■ EXERCISE BRIEF: A faithful copy of all the data is the goal; omit the pictures.

■ GIVEN MATERIAL:

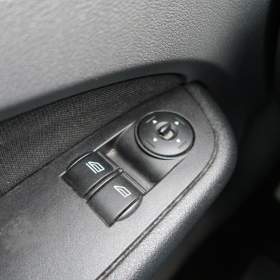 Foto inzerátu Ford Focus 1.6 16V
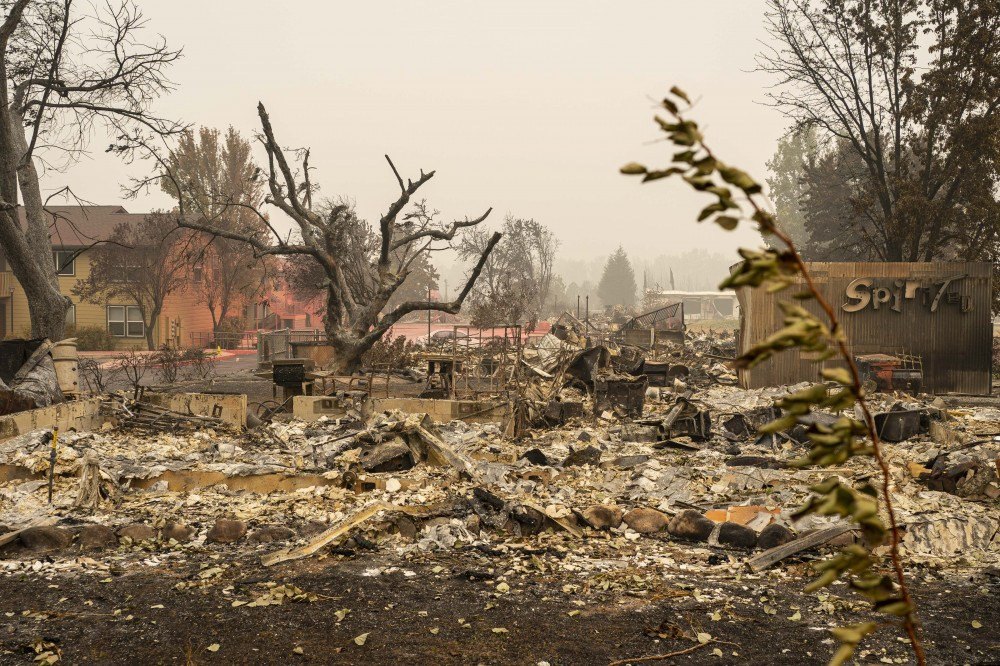 Incêndios deixam 31 mortos nos EUA; Trump visitará região afetada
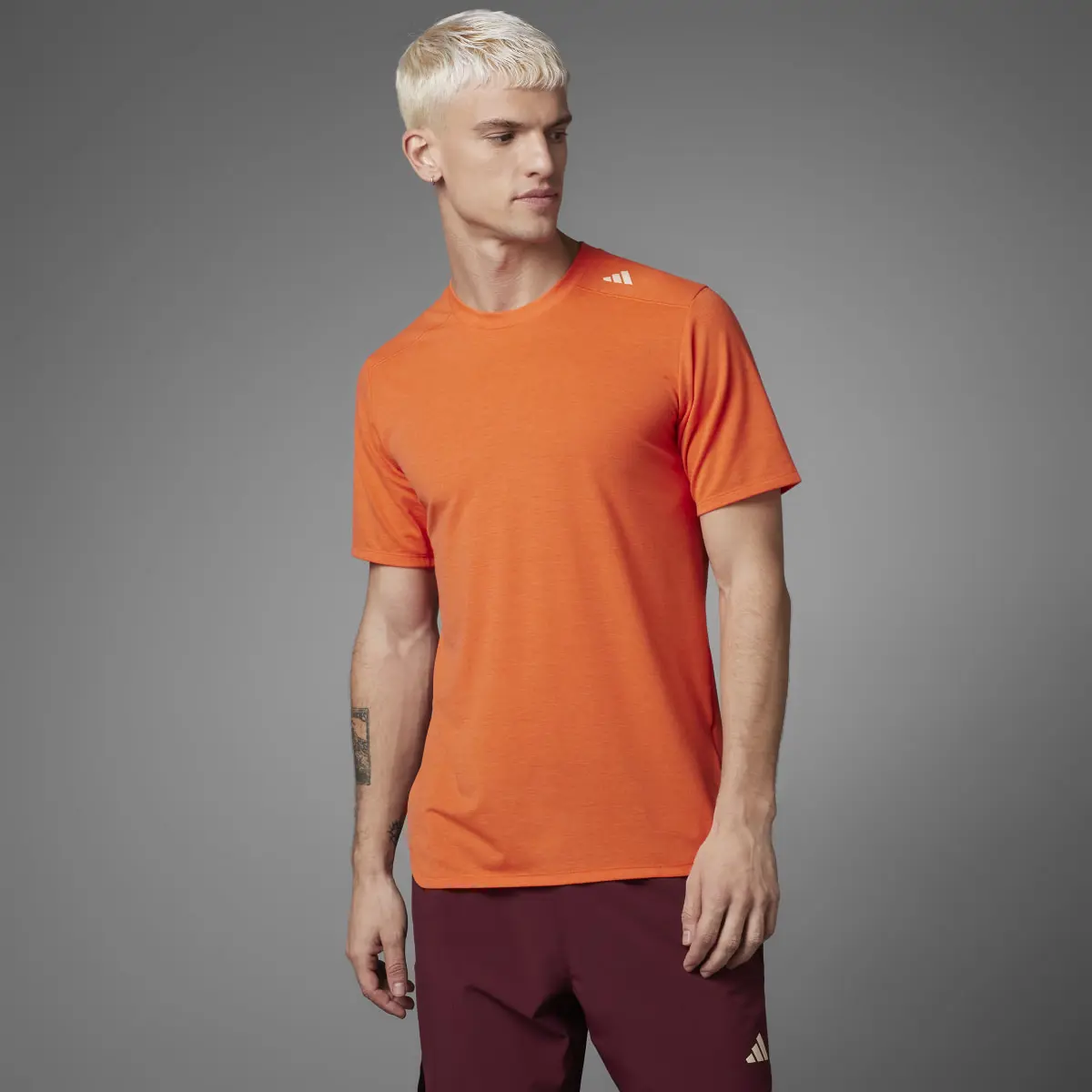 Adidas Playera Designed for Training Graphic Lift Your Mind. 1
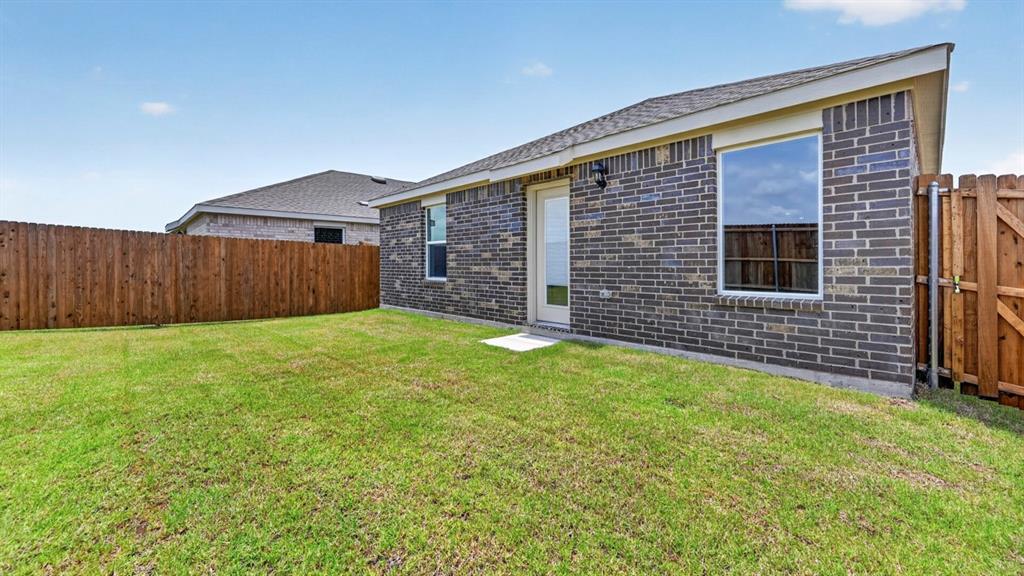 1805 Potomac Lane Blue Ridge, TX 75424 - Photo 3 of 9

■ TASK RESPONSE:
 Foto inzerátu Ford Focus 1.6 16V
 Incêndios deixam 31 mortos nos EUA; Trump visitará região afetada
 Adidas Playera Designed for Training Graphic Lift Your Mind. 1
 1805 Potomac Lane Blue Ridge, TX 75424 - Photo 3 of 9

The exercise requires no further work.